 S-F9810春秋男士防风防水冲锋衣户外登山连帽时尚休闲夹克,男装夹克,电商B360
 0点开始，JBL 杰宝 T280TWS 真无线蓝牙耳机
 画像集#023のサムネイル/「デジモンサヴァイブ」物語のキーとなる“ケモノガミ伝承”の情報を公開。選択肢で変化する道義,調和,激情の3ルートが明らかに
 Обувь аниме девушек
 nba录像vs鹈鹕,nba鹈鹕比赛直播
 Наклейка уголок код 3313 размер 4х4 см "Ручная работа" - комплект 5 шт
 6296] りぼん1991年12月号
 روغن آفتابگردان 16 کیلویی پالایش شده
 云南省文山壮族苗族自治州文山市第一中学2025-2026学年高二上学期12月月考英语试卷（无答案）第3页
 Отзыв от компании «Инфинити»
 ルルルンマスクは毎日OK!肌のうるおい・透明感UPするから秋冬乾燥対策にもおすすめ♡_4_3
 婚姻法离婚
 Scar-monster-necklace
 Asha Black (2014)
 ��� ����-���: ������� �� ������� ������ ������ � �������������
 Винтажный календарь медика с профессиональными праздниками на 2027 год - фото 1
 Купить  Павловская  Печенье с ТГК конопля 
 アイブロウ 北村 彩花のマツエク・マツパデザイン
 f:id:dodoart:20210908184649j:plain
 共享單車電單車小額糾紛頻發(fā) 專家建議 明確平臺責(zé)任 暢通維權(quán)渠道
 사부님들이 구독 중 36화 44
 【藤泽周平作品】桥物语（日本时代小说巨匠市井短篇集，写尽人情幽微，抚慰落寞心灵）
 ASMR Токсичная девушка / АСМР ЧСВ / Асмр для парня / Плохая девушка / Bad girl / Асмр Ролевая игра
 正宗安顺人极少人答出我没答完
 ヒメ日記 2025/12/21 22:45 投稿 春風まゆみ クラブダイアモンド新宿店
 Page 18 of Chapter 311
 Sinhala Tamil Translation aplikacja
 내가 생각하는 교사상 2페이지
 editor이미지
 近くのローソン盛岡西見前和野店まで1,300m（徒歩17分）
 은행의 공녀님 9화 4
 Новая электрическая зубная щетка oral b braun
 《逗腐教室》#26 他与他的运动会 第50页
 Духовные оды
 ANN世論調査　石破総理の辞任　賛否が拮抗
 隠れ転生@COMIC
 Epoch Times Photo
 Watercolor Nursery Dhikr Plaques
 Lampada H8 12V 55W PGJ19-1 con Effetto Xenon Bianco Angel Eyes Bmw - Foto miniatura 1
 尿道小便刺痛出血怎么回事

*****

▸ Task directions
A word-for-word copy of all the entries above is required.

▸ Result
 S-F9810春秋男士防风防水冲锋衣户外登山连帽时尚休闲夹克,男装夹克,电商B360
 0点开始，JBL 杰宝 T280TWS 真无线蓝牙耳机
 画像集#023のサムネイル/「デジモンサヴァイブ」物語のキーとなる“ケモノガミ伝承”の情報を公開。選択肢で変化する道義,調和,激情の3ルートが明らかに
 Обувь аниме девушек
 nba录像vs鹈鹕,nba鹈鹕比赛直播
 Наклейка уголок код 3313 размер 4х4 см "Ручная работа" - комплект 5 шт
 6296] りぼん1991年12月号
 روغن آفتابگردان 16 کیلویی پالایش شده
 云南省文山壮族苗族自治州文山市第一中学2025-2026学年高二上学期12月月考英语试卷（无答案）第3页
 Отзыв от компании «Инфинити»
 ルルルンマスクは毎日OK!肌のうるおい・透明感UPするから秋冬乾燥対策にもおすすめ♡_4_3
 婚姻法离婚
 Scar-monster-necklace
 Asha Black (2014)
 ��� ����-���: ������� �� ������� ������ ������ � �������������
 Винтажный календарь медика с профессиональными праздниками на 2027 год - фото 1
 Купить  Павловская  Печенье с ТГК конопля 
 アイブロウ 北村 彩花のマツエク・マツパデザイン
 f:id:dodoart:20210908184649j:plain
 共享單車電單車小額糾紛頻發(fā) 專家建議 明確平臺責(zé)任 暢通維權(quán)渠道
 사부님들이 구독 중 36화 44
 【藤泽周平作品】桥物语（日本时代小说巨匠市井短篇集，写尽人情幽微，抚慰落寞心灵）
 ASMR Токсичная девушка / АСМР ЧСВ / Асмр для парня / Плохая девушка / Bad girl / Асмр Ролевая игра
 正宗安顺人极少人答出我没答完
 ヒメ日記 2025/12/21 22:45 投稿 春風まゆみ クラブダイアモンド新宿店
 Page 18 of Chapter 311
 Sinhala Tamil Translation aplikacja
 내가 생각하는 교사상 2페이지
 editor이미지
 近くのローソン盛岡西見前和野店まで1,300m（徒歩17分）
 은행의 공녀님 9화 4
 Новая электрическая зубная щетка oral b braun
 《逗腐教室》#26 他与他的运动会 第50页
 Духовные оды
 ANN世論調査　石破総理の辞任　賛否が拮抗
 隠れ転生@COMIC
 Epoch Times Photo
 Watercolor Nursery Dhikr Plaques
 Lampada H8 12V 55W PGJ19-1 con Effetto Xenon Bianco Angel Eyes Bmw - Foto miniatura 1
 尿道小便刺痛出血怎么回事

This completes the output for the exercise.